- _Exercise brief_:
What should come back is the data below, word for word, minus any picture.
═════ Dataset excerpts
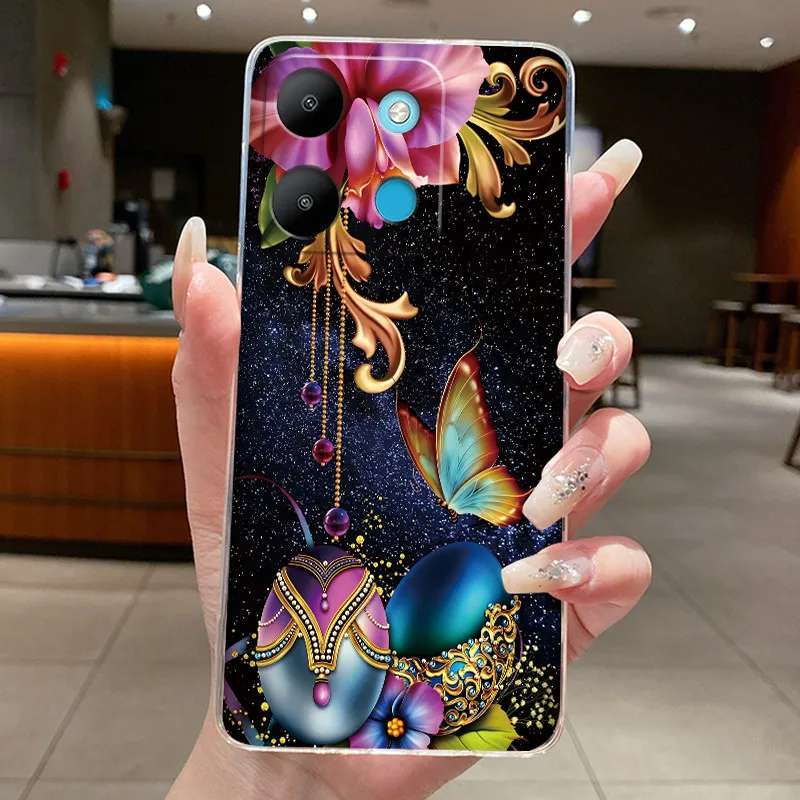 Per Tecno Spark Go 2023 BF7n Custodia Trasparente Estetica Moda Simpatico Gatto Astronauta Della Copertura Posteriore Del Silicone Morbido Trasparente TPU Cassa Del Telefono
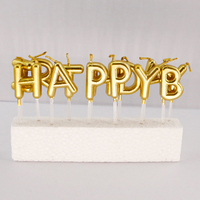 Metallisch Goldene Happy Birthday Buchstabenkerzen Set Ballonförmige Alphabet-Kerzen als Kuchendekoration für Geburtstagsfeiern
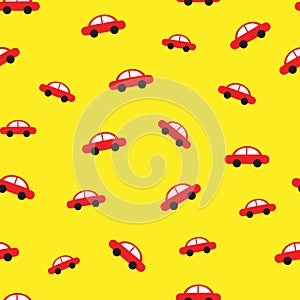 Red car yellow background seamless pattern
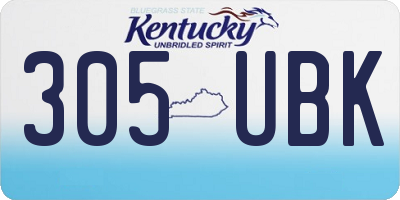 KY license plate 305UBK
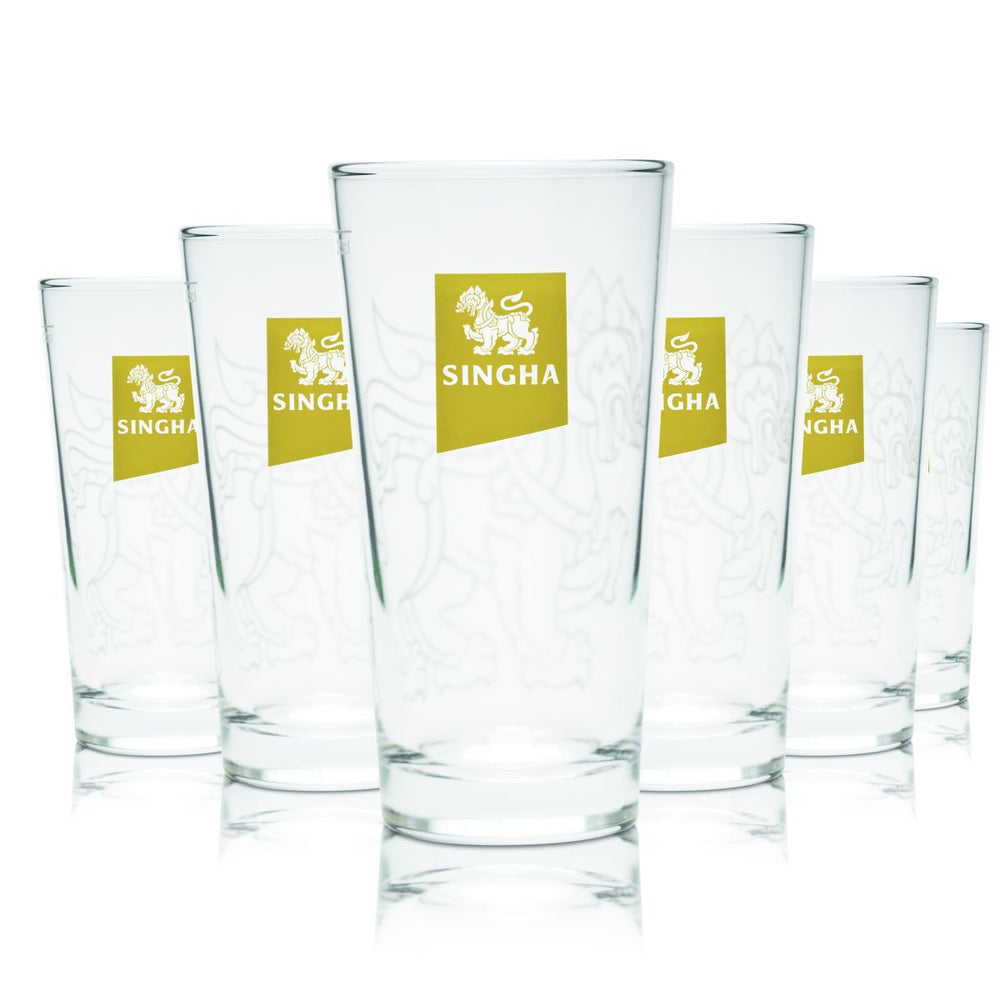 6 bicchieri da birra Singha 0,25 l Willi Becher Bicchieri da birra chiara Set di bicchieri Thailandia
══════════
- _Problem solution_:
 Per Tecno Spark Go 2023 BF7n Custodia Trasparente Estetica Moda Simpatico Gatto Astronauta Della Copertura Posteriore Del Silicone Morbido Trasparente TPU Cassa Del Telefono
 Metallisch Goldene Happy Birthday Buchstabenkerzen Set Ballonförmige Alphabet-Kerzen als Kuchendekoration für Geburtstagsfeiern
 Red car yellow background seamless pattern
 KY license plate 305UBK
 6 bicchieri da birra Singha 0,25 l Willi Becher Bicchieri da birra chiara Set di bicchieri Thailandia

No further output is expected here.